Give back an exact copy of the lines in the records below, from the line that has "Chilomycterus antillarum" through the line that has "Calderona MP- Live 1 Gallon Fig Tree", and nothing besides.

* [Entries provided]:
☆ ☆ ☆
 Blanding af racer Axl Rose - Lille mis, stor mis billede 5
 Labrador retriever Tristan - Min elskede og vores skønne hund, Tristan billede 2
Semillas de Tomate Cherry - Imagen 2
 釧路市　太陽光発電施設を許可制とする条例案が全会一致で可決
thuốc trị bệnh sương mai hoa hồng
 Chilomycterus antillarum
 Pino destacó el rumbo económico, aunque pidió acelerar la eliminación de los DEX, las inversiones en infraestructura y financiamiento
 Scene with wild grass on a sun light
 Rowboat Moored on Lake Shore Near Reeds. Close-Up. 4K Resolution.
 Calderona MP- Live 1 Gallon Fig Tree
☆ ☆ ☆
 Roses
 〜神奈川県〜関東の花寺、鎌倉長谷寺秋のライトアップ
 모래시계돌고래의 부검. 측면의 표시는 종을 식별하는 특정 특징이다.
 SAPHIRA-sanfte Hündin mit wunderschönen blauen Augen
☆ ☆ ☆
* [Answer to this exercise]:
 Chilomycterus antillarum
 Pino destacó el rumbo económico, aunque pidió acelerar la eliminación de los DEX, las inversiones en infraestructura y financiamiento
 Scene with wild grass on a sun light
 Rowboat Moored on Lake Shore Near Reeds. Close-Up. 4K Resolution.
 Calderona MP- Live 1 Gallon Fig Tree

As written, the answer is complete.